A "uberização" do trabalho na era tecnológica: precarização ou liberdade?

Enviada em 17/04/2021

Segundo a historiografia, nota-se que as relações de trabalho vistas atualmente nasceram na humanidade como uma necessidade vital, uma vez que nas primeiras civilizações servos trabalhavam excessivamente na Produção Hidráulica para sustentarem a terra do rei e, em troca, garantiam um espaço naquela região. Felizmente, o passado vai influenciar o presente positivamente, pois o trabalho apresentou uma evolução através da modernidade líquida e, portanto, direitos trabalhistas foram garantidos ao proletariado, diminuindo a exploração. Entretanto, esse progresso no âmbito profissional, vai gerar também uma relação de trabalho um tanto quanto problemática, chamada uberização, que tem a vantagem de apresentar um trabalho flexível, mas carrega consigo a ausência de direitos trabalhistas, estes que estão presentes nas relações tradicionais de empregador e empregado.

Certamente, a uberização apresenta a vantagem de diminuição de desempregos, visto que as pessoas que optam por essa alternativa tornam-se empregadas e empresárias ao mesmo tempo. Mas a desvantagem que se sobressai sobre esse tipo de trabalho é a precarização que esses indivíduos estão sujeitos, tais como a ausência de um salário fixo devido à instabilidade da demanda, portanto, em certos meses essas pessoas podem faturar e em outros não ganham quase nada.

Paralelo a isso, percebemos que esse tipo de relação não é formalizada, isto é, o trabalhador utiliza-se de um aplicativo como meio de acesso ao cliente, sem nenhuma constituição mediadora, resultando, portanto, na ausência de benefícios associados às garantias trabalhistas da CLT (Consolidação das Leis do Trabalho). De acordo com o IBGE (Instituto Brasileiro de Geografia e Estatística), quatro milhões de pessoas formam a categoria que trabalha para empresas de aplicativos de serviços no Brasil, no entanto, não mantêm nenhum vínculo trabalhista.

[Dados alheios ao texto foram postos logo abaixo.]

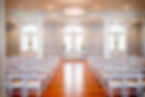 Empty wedding ceremony hall with white chairs and arched doors Weddings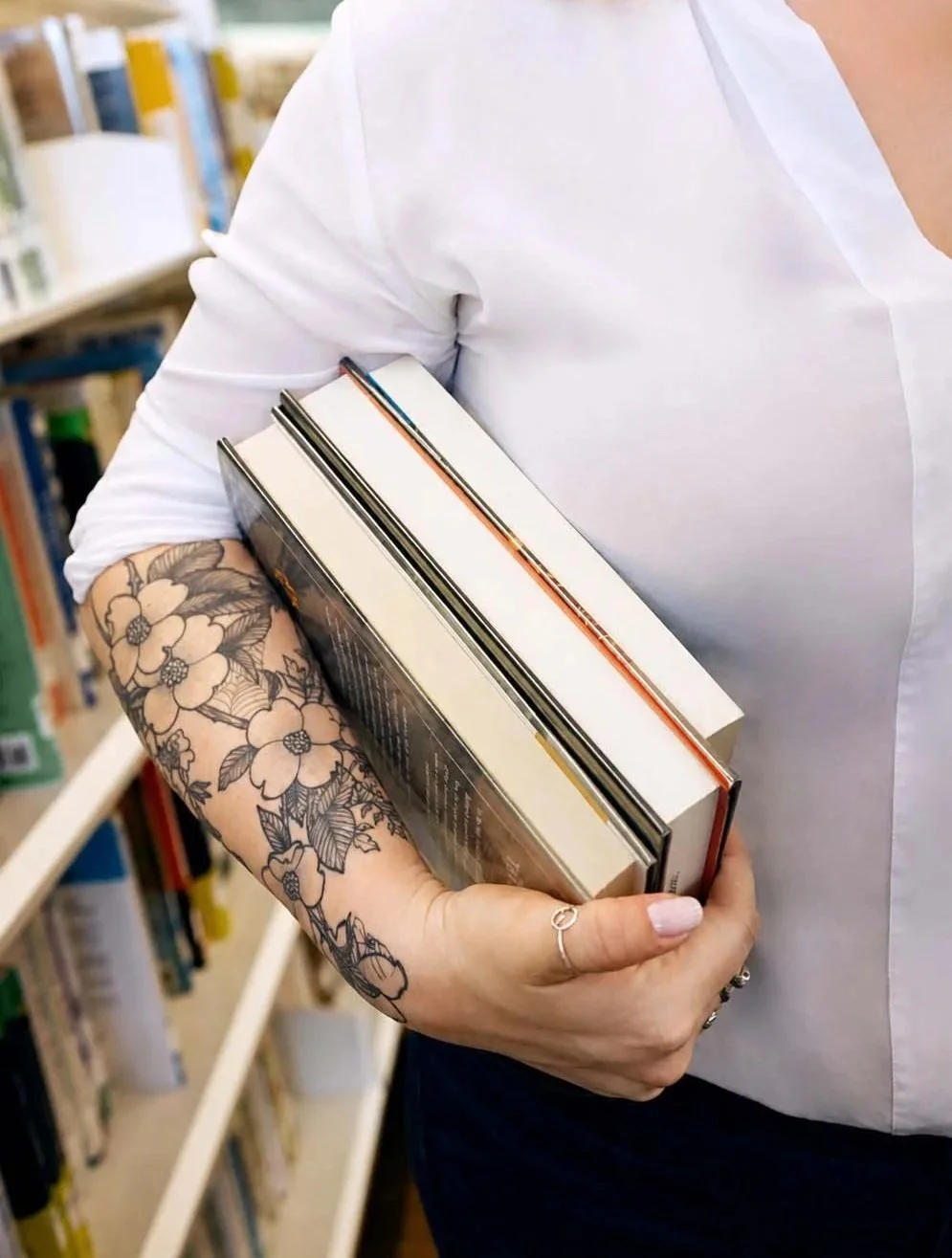 Person holding three books in a library, wearing a white shirt with rolled-up sleeves, displaying published works in the secure grasp of a supportive expert.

De acordo com os fatos apresentados, percebemos que a uberização na população brasileira agrega mais desvantagens que benefícios, como a falta de direitos trabalhistas ou até agregação de transtornos psicológicos devido ao trabalho em excesso. Portanto, se faz necessária a intervenção do Ministério do Trabalho nos aplicativos para a elaboração de direitos aos indivíduos, tais como a adição de limites para a jornada de trabalho. Caso isso não for possível, a relação tradicional entre o empregador e o empregado deve ganhar uma atenção prioritária e cautelosa, para que todos sejam incluídos nesse mercado e tenham a devida proteção através de uma carteira assinada. Sendo assim, a preocupação em relação aos prejuízos da uberização poderá diminuir.